» **Material shown**
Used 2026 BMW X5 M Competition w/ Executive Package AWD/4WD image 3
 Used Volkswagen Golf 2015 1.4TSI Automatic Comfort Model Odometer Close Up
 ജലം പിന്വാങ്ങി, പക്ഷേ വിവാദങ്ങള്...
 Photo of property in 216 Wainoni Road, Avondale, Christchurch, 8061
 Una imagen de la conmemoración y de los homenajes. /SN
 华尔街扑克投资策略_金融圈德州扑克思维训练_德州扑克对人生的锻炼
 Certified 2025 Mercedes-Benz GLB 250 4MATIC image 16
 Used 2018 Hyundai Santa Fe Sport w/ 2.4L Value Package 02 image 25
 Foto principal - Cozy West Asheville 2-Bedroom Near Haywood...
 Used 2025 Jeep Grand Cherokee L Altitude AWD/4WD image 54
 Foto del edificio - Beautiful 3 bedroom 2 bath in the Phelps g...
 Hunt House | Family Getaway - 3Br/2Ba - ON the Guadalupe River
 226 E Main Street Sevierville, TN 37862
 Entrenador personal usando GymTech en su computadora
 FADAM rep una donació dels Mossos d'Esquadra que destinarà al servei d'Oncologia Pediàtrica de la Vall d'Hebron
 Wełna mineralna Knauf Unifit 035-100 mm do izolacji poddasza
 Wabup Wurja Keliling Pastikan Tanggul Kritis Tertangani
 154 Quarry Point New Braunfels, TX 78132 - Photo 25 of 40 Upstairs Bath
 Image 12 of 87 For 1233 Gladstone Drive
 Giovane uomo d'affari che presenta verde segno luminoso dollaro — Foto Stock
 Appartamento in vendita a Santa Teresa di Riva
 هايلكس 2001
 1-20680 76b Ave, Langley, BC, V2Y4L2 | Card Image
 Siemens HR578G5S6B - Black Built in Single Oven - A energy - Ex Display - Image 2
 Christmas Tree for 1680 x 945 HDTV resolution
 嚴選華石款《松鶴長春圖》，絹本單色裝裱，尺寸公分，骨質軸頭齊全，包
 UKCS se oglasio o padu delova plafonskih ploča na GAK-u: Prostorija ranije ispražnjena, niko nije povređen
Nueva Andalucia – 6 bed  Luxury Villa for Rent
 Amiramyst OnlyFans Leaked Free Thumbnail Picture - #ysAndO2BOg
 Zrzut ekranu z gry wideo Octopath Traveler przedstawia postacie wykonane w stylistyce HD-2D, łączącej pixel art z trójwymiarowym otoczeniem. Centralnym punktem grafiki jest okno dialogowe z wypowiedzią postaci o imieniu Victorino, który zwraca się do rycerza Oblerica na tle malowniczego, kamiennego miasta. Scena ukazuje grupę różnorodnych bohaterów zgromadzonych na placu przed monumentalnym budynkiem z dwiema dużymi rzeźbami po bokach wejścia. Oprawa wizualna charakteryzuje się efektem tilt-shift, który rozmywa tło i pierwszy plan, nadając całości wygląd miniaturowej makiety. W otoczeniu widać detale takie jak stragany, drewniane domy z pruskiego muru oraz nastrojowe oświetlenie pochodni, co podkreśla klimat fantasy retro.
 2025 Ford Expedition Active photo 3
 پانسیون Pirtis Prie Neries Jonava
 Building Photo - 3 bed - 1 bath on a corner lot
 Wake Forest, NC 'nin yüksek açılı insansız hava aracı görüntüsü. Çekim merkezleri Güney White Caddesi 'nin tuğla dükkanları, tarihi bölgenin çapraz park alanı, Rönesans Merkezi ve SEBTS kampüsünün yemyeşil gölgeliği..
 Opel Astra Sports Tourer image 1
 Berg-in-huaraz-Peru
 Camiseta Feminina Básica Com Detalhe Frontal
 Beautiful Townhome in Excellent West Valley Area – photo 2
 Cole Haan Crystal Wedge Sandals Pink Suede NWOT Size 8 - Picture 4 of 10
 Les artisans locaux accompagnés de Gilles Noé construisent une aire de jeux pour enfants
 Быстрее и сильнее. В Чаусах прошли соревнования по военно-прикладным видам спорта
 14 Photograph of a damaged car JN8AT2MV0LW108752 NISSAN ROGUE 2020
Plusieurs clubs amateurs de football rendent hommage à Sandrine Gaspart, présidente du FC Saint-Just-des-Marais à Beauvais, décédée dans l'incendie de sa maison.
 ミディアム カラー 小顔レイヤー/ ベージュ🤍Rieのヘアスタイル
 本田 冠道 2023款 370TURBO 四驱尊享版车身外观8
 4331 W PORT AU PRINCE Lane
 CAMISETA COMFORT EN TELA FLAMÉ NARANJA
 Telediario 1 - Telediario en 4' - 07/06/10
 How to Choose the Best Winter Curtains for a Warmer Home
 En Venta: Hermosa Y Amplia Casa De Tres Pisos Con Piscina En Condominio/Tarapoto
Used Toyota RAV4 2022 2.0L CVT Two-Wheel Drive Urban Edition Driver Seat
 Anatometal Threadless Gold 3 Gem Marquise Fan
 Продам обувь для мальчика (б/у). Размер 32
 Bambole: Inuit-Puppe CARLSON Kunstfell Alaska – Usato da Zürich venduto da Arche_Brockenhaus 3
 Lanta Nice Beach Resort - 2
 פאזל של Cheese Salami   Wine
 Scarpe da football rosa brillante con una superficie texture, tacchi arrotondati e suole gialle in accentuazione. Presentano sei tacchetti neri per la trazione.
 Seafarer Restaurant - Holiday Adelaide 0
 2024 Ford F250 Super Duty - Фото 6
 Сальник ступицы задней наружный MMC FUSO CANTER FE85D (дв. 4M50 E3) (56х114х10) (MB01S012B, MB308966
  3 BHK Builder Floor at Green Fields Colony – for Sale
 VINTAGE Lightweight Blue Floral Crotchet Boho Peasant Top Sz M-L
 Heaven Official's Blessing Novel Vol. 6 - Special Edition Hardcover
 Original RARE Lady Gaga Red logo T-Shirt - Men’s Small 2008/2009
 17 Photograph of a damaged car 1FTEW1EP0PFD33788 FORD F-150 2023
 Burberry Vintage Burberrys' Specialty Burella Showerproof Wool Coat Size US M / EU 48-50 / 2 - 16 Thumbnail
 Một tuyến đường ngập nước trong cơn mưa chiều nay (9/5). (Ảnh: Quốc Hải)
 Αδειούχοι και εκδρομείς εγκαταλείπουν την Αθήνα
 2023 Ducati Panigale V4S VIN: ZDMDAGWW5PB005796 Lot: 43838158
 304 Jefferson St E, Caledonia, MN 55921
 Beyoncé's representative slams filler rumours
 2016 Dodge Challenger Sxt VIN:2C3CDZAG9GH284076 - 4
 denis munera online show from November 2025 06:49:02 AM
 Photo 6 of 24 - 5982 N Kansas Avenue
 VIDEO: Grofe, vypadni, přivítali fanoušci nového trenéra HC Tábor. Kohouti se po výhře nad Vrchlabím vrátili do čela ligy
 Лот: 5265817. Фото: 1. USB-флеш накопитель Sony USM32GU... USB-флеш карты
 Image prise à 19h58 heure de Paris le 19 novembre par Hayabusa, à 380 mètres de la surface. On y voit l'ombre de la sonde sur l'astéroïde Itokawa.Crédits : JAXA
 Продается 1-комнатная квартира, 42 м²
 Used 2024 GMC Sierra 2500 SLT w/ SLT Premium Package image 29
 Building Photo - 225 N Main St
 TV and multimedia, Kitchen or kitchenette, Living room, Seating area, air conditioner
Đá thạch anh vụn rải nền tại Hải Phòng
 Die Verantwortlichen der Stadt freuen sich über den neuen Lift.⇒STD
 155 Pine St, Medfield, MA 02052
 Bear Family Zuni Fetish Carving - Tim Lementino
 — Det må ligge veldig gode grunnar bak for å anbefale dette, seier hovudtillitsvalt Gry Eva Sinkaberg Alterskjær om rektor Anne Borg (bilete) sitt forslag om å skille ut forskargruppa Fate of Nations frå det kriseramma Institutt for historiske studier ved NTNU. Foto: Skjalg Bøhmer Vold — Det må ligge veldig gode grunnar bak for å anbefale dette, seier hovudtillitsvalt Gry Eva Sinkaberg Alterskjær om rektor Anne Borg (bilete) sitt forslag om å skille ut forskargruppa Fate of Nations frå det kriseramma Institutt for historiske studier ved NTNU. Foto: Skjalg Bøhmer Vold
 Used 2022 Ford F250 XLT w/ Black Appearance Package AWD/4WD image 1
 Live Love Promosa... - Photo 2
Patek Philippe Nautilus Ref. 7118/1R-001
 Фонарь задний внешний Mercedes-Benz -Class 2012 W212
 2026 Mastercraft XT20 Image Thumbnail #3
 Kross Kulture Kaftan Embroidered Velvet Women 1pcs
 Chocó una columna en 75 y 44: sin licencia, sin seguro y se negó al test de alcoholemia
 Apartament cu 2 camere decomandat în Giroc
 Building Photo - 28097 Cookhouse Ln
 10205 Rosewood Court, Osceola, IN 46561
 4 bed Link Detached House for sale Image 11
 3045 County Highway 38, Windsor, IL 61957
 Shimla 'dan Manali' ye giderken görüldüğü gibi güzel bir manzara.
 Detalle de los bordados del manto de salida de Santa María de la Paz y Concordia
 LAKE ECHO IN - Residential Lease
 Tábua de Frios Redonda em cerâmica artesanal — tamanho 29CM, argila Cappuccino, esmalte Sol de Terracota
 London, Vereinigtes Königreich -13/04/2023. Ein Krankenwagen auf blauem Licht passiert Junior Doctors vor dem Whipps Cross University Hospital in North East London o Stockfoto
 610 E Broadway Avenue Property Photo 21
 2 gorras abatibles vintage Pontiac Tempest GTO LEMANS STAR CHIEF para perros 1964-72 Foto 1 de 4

» **Problem requirements**
Filter the entries above and return only the lines holding "Фото".

» **Response area**
 2024 Ford F250 Super Duty - Фото 6
 Лот: 5265817. Фото: 1. USB-флеш накопитель Sony USM32GU... USB-флеш карты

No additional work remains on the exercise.